Knowledge of thin films mechanical properties is strongly associated to the reliability and the performances of Nano Electro Mechanical Systems (NEMS). In the literature, there are several methods for micro materials characterization. Bulge test is an established nondestructive technique for studying the mechanical properties of thin films. This study improve the performances of NEMS by investigating the mechanical behavior of Nano rectangular thin film (NRTF) made of new material embedded in Nano Electro Mechanical Systems (NEMS) by developing the bulge test technique. The NRTF built from adhesively-bonded layers of basalt fiber reinforced polymer (BFRP) laminate composite materials in Nano size at room temperature and were used for plane-strain bulging.
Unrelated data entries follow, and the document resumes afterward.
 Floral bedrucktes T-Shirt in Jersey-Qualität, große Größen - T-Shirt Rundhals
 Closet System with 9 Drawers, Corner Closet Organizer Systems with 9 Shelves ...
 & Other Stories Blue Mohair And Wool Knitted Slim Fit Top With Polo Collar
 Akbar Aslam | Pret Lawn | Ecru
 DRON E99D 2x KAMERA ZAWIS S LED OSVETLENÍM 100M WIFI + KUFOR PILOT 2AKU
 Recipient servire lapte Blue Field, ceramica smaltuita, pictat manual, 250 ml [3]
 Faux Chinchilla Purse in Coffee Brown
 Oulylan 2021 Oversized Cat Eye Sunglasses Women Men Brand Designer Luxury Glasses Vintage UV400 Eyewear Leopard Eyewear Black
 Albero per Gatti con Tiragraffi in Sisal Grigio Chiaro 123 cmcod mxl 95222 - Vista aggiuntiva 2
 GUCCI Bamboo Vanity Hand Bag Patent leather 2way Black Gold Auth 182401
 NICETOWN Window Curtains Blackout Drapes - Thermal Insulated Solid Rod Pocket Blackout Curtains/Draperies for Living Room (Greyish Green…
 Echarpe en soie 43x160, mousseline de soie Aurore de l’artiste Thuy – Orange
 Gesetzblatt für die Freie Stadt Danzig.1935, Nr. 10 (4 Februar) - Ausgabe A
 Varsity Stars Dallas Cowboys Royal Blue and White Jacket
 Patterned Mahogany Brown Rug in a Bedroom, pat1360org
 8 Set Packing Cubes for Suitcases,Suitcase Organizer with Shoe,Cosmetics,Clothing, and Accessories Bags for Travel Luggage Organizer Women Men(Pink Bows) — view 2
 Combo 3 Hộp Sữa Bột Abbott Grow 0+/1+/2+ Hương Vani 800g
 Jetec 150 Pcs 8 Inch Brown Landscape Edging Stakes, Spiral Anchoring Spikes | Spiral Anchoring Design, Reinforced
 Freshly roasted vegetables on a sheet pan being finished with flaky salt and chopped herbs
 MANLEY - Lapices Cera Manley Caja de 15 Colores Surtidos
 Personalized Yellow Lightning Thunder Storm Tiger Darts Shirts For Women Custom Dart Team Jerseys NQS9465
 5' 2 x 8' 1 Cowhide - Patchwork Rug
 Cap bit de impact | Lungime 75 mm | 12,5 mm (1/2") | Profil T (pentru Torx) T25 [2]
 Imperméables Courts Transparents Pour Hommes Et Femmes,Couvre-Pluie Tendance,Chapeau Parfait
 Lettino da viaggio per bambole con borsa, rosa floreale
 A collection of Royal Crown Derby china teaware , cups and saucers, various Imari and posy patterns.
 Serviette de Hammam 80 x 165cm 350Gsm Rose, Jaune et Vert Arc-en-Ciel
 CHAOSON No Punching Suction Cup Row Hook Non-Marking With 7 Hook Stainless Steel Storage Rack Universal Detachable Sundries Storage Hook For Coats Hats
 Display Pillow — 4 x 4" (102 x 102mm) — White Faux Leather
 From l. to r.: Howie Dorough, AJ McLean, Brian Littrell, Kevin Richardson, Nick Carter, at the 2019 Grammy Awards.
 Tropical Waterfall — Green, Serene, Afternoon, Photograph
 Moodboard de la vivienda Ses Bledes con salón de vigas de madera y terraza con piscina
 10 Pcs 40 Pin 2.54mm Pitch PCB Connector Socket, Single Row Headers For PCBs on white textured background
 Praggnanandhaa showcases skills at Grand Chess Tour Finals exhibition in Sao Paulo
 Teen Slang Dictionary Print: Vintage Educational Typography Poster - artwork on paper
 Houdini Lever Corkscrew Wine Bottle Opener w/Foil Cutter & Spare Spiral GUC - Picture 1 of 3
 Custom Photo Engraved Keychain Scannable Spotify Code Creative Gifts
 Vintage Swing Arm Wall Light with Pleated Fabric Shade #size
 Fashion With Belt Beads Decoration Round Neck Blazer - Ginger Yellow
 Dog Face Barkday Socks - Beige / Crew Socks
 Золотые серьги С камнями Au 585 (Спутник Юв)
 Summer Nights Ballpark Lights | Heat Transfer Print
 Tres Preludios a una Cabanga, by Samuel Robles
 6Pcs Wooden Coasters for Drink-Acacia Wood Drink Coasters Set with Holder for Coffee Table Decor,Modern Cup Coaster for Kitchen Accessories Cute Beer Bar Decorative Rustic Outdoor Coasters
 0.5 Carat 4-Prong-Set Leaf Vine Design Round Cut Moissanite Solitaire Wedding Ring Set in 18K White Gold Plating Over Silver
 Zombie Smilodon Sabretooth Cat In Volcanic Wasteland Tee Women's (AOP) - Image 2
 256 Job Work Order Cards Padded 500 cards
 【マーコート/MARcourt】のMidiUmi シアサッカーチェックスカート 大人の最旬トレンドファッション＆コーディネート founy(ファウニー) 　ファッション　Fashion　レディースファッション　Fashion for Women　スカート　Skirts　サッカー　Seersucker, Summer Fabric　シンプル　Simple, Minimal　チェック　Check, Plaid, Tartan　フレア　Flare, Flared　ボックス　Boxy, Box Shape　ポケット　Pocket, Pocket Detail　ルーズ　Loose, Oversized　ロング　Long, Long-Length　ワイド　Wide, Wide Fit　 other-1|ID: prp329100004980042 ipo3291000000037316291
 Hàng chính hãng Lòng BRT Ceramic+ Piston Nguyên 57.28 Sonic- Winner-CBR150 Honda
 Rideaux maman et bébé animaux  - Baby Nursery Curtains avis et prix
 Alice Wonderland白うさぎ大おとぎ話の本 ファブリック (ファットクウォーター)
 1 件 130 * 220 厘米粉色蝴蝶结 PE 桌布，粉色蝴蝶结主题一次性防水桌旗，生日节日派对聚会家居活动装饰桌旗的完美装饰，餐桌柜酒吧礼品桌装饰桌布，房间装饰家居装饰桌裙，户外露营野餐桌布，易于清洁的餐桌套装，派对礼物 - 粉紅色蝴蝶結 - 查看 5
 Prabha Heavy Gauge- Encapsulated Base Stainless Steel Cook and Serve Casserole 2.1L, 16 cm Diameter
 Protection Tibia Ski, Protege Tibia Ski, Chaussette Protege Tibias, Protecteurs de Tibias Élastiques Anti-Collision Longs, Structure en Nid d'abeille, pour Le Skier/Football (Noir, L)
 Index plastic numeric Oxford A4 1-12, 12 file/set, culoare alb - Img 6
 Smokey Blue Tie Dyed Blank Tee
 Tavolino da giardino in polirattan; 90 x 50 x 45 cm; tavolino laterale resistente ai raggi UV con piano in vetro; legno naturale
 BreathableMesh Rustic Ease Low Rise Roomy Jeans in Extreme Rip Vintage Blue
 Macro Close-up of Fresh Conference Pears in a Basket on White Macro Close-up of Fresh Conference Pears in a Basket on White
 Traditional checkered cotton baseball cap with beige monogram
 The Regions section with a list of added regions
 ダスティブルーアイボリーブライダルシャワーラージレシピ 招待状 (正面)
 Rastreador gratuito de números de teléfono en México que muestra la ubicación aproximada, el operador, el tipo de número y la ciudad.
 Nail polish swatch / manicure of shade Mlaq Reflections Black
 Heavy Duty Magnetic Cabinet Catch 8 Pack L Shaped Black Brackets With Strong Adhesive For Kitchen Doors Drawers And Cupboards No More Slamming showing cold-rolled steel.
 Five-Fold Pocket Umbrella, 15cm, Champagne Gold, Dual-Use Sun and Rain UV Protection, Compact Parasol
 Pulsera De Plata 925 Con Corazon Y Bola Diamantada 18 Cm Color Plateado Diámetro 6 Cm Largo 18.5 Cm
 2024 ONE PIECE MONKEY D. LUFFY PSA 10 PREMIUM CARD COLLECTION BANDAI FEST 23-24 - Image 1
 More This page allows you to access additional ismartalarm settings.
The NRTF is first pre-stressed to ensure that is no initial deflection before applied the loads on NRTF and then clamped between two plates. A differential pressure is applying to a deformation of the laminated composite NRTF. This makes the plane-strain bulge test idea for studying the mechanical behavior of laminated composite NRTF in both the elastic and plastic regimes. An exact solution of governing equations for symmetric cross-ply BFRP laminated composite NRTF was established with taking in-to account the effect of the residual strength from pre-stressed loading. The stress-strain relationship of the BFRP laminated composite NRTF was determined by hydraulic bulging test. The NRTF thickness gradation in different points of hemisphere formed in bulge test was analysed.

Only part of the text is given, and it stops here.